C’est l’autre chose qu’il y a dans la réponse de la femme. Il n’est venu que pour les brebis perdus de la Maison d’Israël ? La femme lui fait réaliser que lui, fils de Dieu, s’enferme dans l’entre-soi d’une population restreinte. Dans l’entre-soi ethnique.
De la même manière, les disciples ont eux aussi réagit comme cela, parce qu’ils étaient perturbés dans l’entre-soi du groupe. Les disciples et Jésus, entre eux, enfin tranquilles.
Cette petite perturbation, ces miettes qui grattent, ce « un peu » d’attention, d’engagement de leur part, vers l’extérieur de leur groupe, de leur ethnie… voilà ce qui les sort de l’entre soi. L’entre-soi peut être étouffant, ou tout simplement nous priver de découvertes, de richesses, de la joie des surprises de l’imprévu.
La femme les sort de l’entre-soi pour un imprévu d’une richesse autrement plus bénéfique que les quelques miettes qu’elle a glané de la table.
Serions nous là si Jésus n’avait pas rencontré la femme cananéenne ? S’il était resté le messie venu uniquement pour les brebis perdues de la maison d’Israël ? Il serait resté un rabbin exceptionnel mais uniquement dans le judaïsme. Les disciples et leurs descendants ne seraient pas venus jusqu’en Gaule et seraient dans le judaïsme à faire des polémiques avec les pharisiens.

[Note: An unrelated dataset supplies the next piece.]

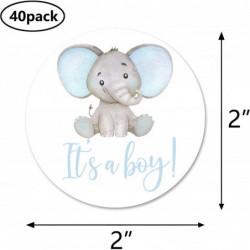 Blue Elephant It’s A Boy Stickers 40 2 Inch Watercolor Elephant Baby Shower Party Favor Labels $19.23 Kids' Stickers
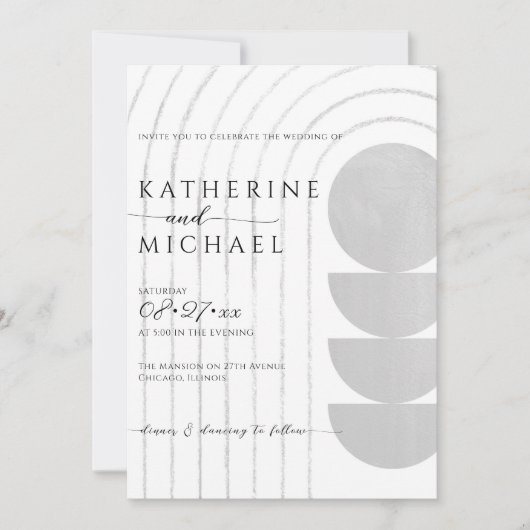 Minimalistische Einladung (Vorderseite)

Et nous n’aurions jamais eu sa bonne nouvelle. Il ne serait pas devenu le fils de Dieu pour toute l’humanité, annonçant la vie plus forte que la mort, le Royaume au milieu de nous.
Alors, laissons perturber nos tables, nos vies, « un peu »… ces miettes de perturbations qui nous dérangent mais ouvrent nos vies et nos communautés, qui nous déplacent de nos évidences, de nos projets. Et qui peuvent donner bien des surprises et des richesses auxquelles nous ne nous attendons pas.
Ces choses que le Seigneur nous prépare et nous offre.